A headshot of Luke Bourke of Avanade in a suit smiling at the camera. The headshot is framed by a black hexagonal design.
Luke Bourke. Image: Avanade

‘Lifelong learning will be normalised and seen as essential’

23 Aug 2021

Avanade’s Luke Bourke discusses the key trends he sees coming down the line for the future of work, from new jobs to talent retention.

Click here to view the full Future of Work Week series.

The future of work has been upended due to the pandemic. The use of workplace management tools and discussions around remote working have been completely accelerated and now what was once considered the future of the workplace is essentially the present.

While working during a pandemic does not paint an accurate picture of what the working world will be like, it has paved the way for remote and hybrid working to take hold and for employers and employees alike to look at what lies beyond these trends.

Luke Bourke is a modern workplace engineering consultant at Avanade. He works with clients to modernise technology estates and workstreams during digital workplace transformations.

Here, he told Siliconrepublic.com about how he sees the working world changing, having gone through a tumultuous upheaval over the last 18 months.

‘New roles will evolve to hopefully eliminate drudgery’
– LUKE BOURKE

What challenges and opportunities face the workplace and workforce of the future?

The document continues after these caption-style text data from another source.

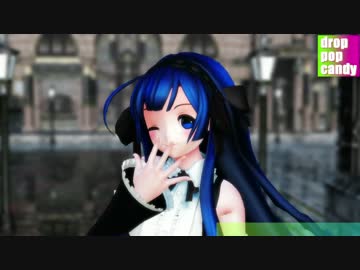 【MMD】DTを殺すずん子ちゃんで「drop pop candy」【カメラ配布】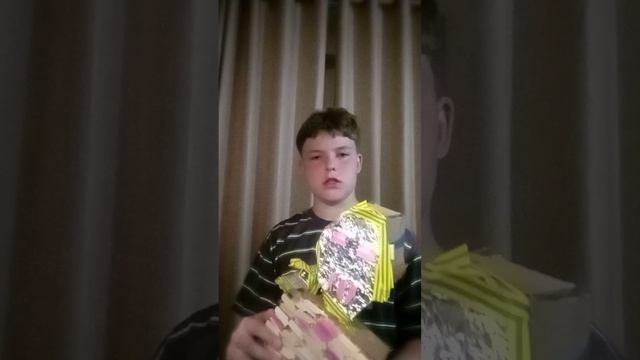 мой робот утром часть 3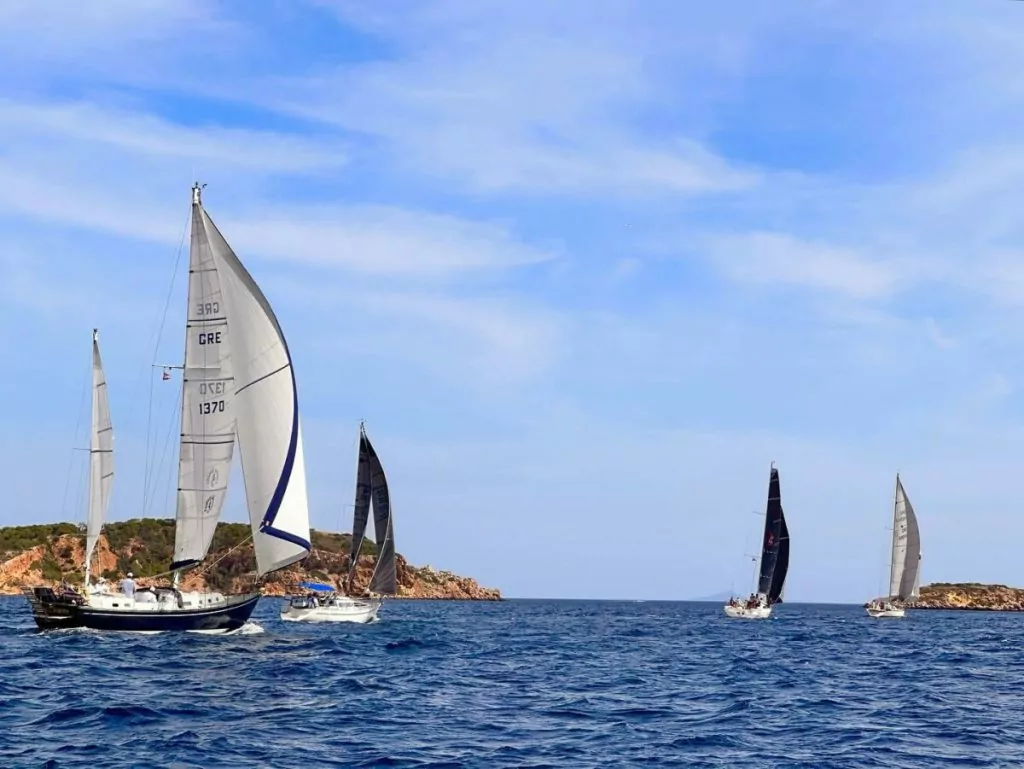 Ventus και Optimum-Samos Steamship νικητές στο 28ο Κύπελλο Άνοιξης του ΝΑΟΒ (pics)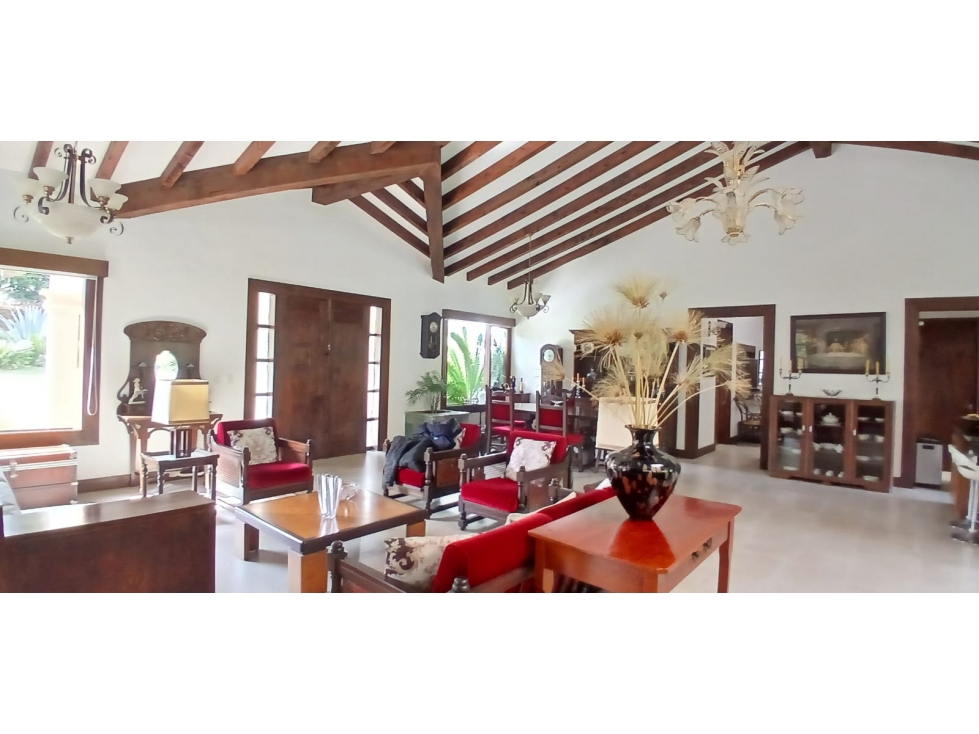 Se vende casa casmpestre en el municipio de La Ceja Antioquia. — foto 4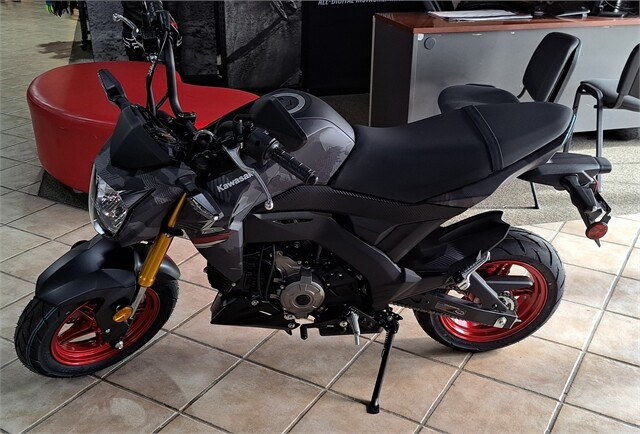 BR125JRFNL 2024 Z125 PRO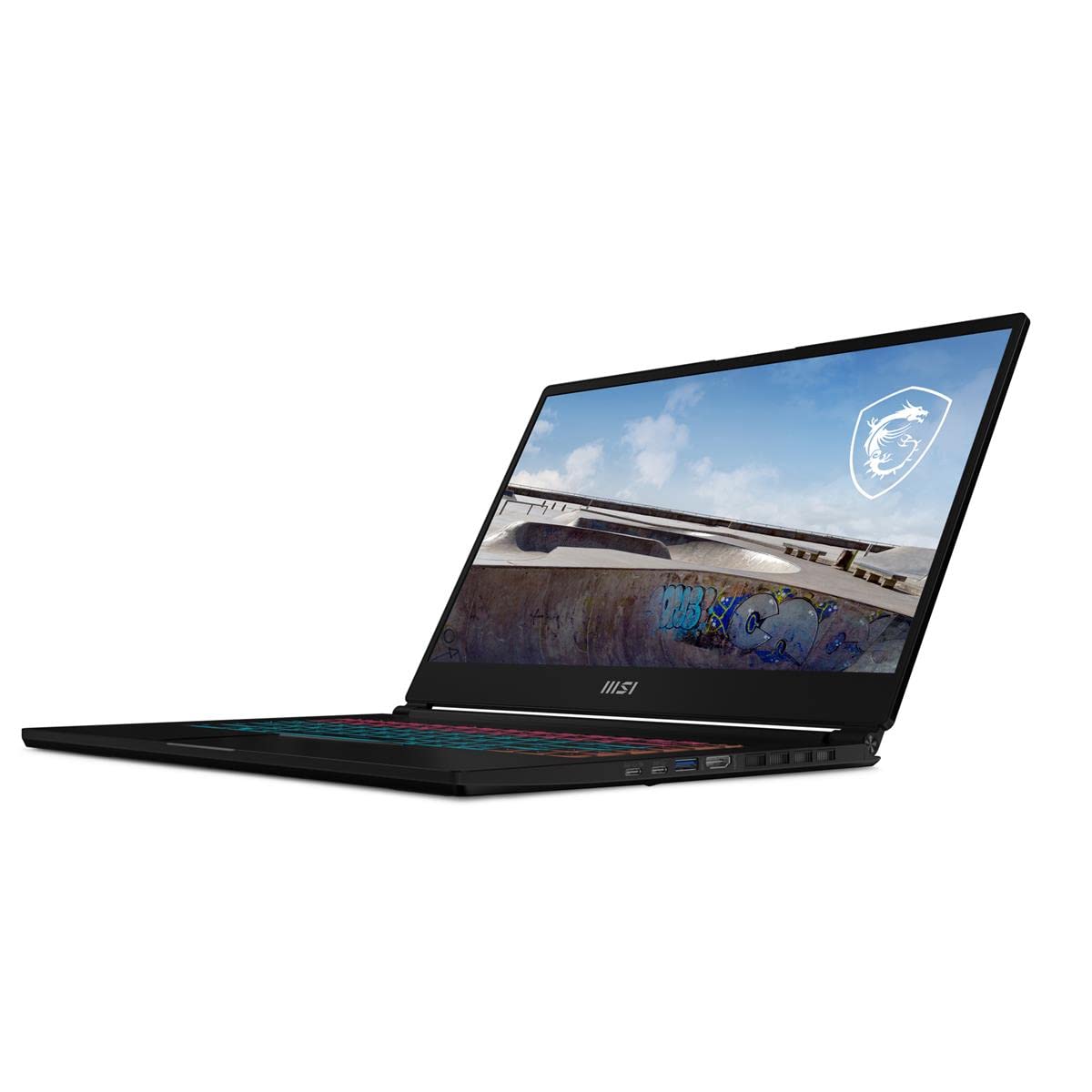 MSI Stealth 15M 15.6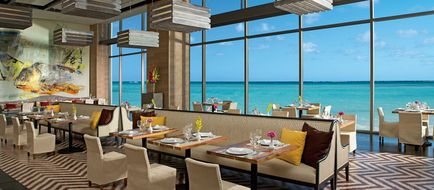 Secrets The Vine Cancun Restaurant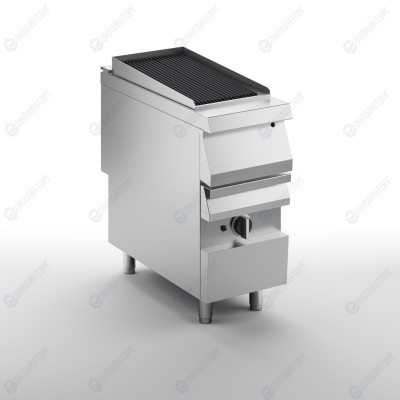 ГРИЛЬ ГАЗОВЫЙ 900 СЕРИИ APACH CHEF LINE SLGBG49CS (газовый)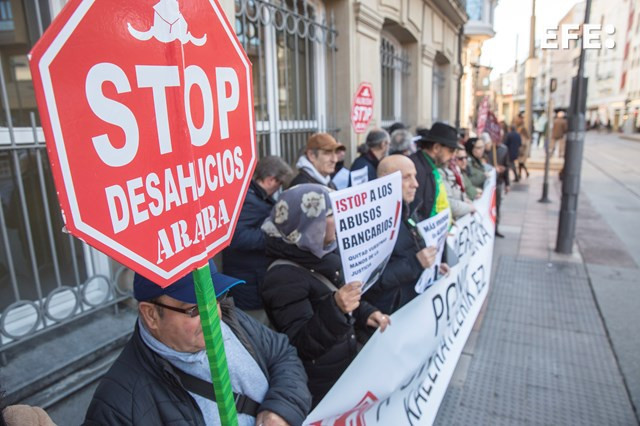 El repunt dels concursos de creditors i de les execucions hipotecàries tensiona als jutjats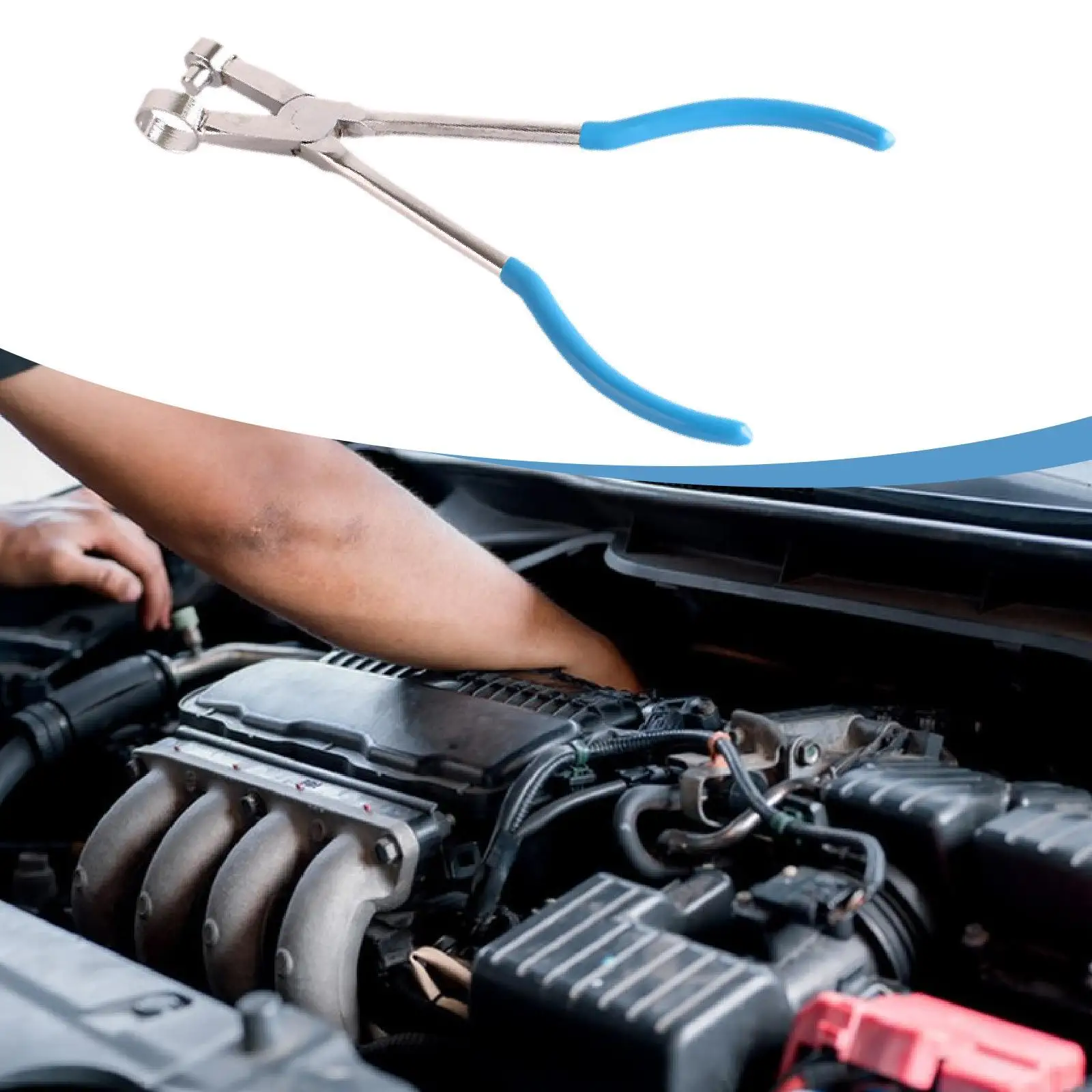 

Инструмент для установки втулки рычага переключения передач Инструмент для установки стальной втулки переключения передач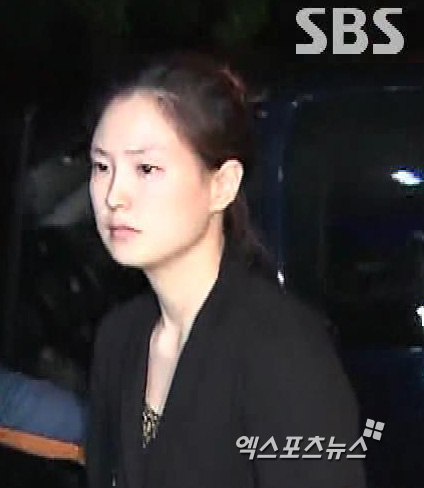 박수경 씨 ⓒ SBS 방송화면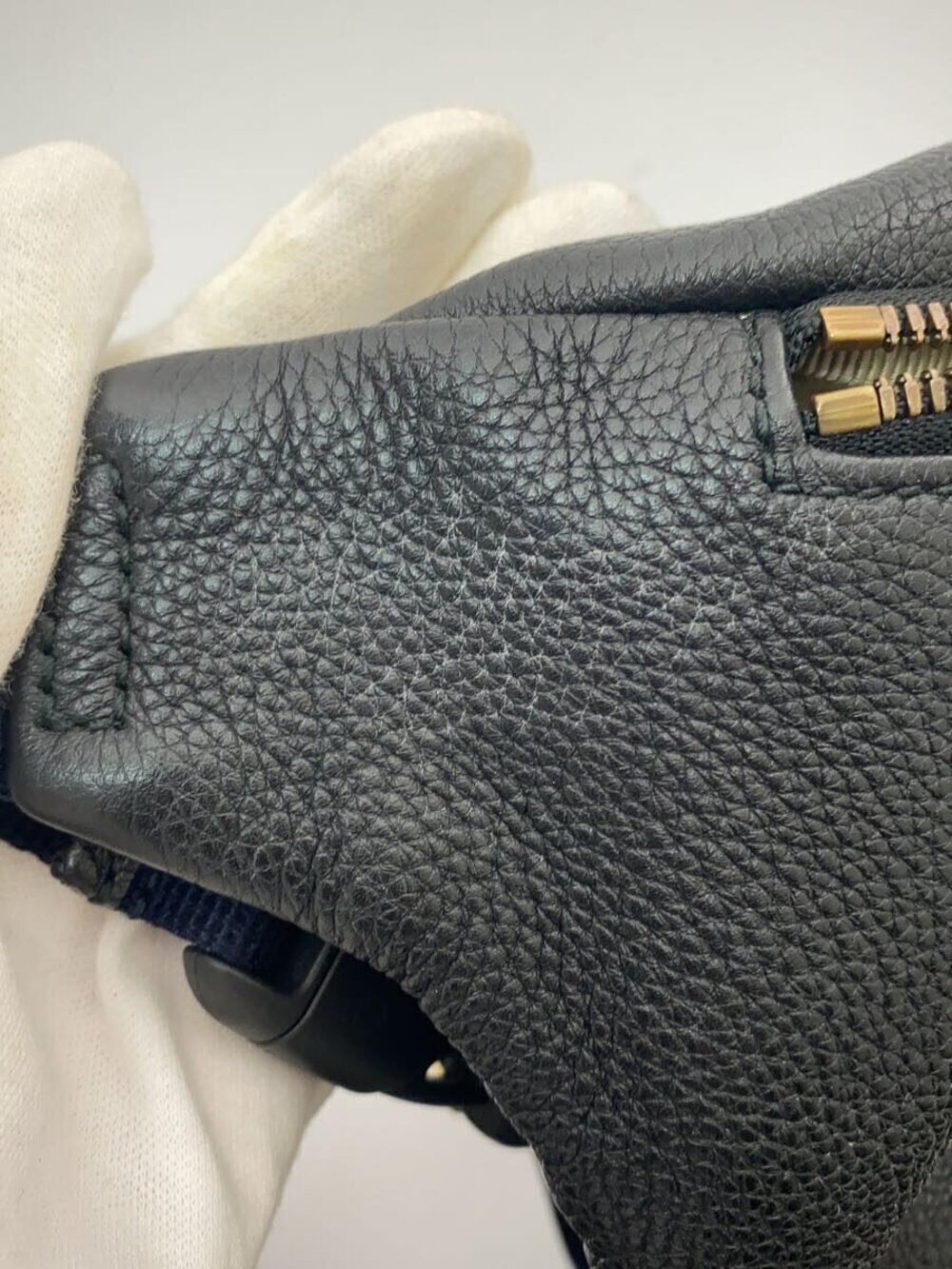 Gucci Coco Capi tan Body Bag Leather Black - Picture 7 of 7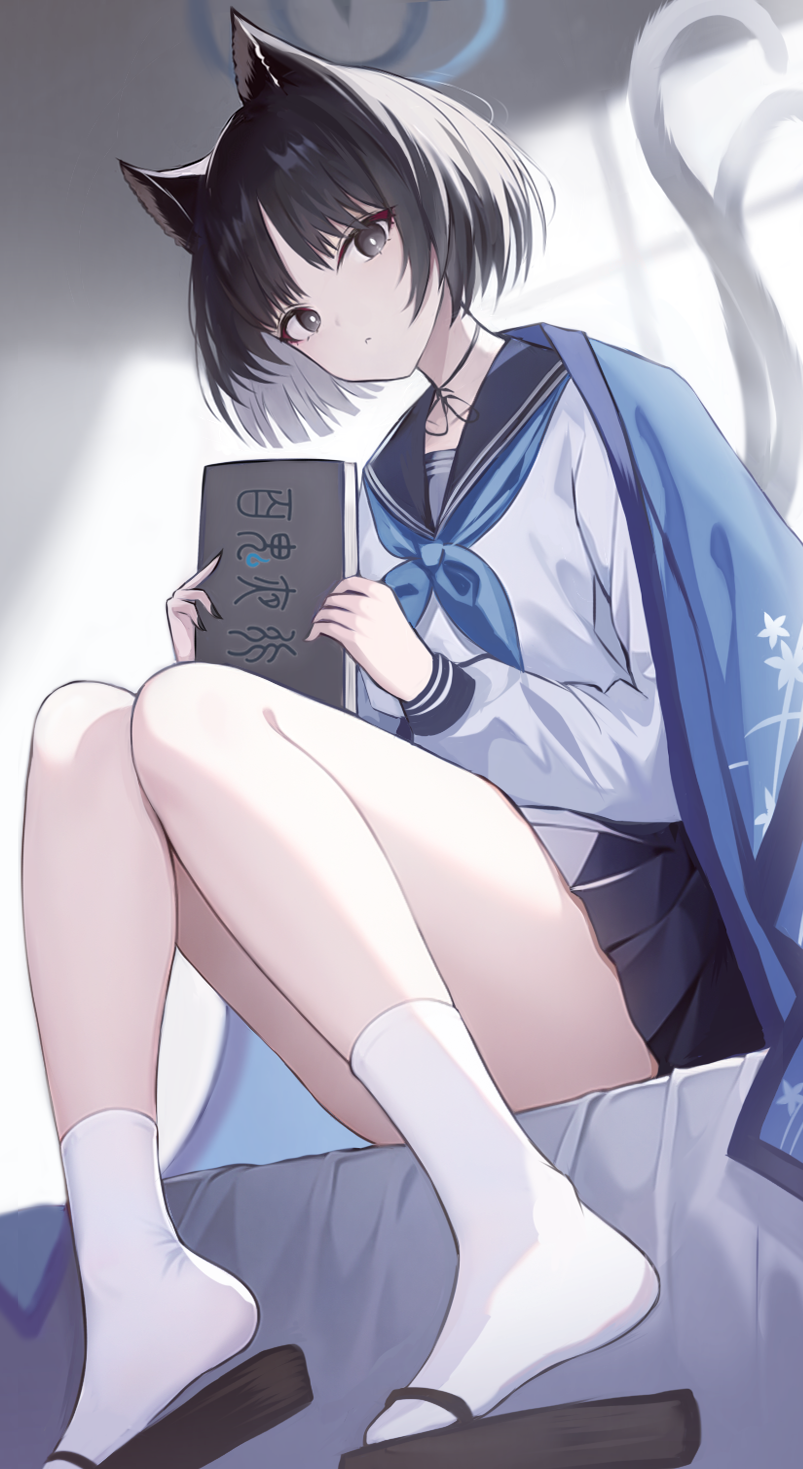 桐生桔梗头像同人高清图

The main challenges facing both include securing data, delivering a consistent workplace experience across home and office locations, training and upskilling for evolving roles, and adapting to the climate crisis and biodiversity collapse in a sustainable manner.

Exciting opportunities will manifest as novel solutions, assisting our responses to these challenges. New jobs and roles will be created in artificial intelligence, data science, e-health, robotics, eco-hacking and climate engineering.

What key trends do you foresee in relation to workplace dynamics?

Better workforce management tools leveraging AI to analyse organisation, management and employee telemetry.

Increased use of sentiment and more thoughtful consideration given to employee mental health and wellbeing.

Prioritising outcomes and employee satisfaction over presenteeism and asset sweating.

More opportunities for cross-training and leveraging resources across geographies, disciplines and cultures.

Lifelong learning will be normalised and seen as an essential service consumed by employees as needed, leveraging advances in immersive artificial and augmented realities.

Presence will supersede place. Virtual or hybrid presence will be perfectly acceptable as adoption of high-quality collaboration tools and services becomes ubiquitous.

Diversity, equality and inclusion will be celebrated, encouraged and eventually normalised.

Conversations and expectations will shift to universally nurturing talent and realising potential as demand for specific skillsets grows.

Work-life balance is arguably central to job satisfaction. How can it be better achieved in the future?

By mainstreaming awareness from onboarding through to retirement.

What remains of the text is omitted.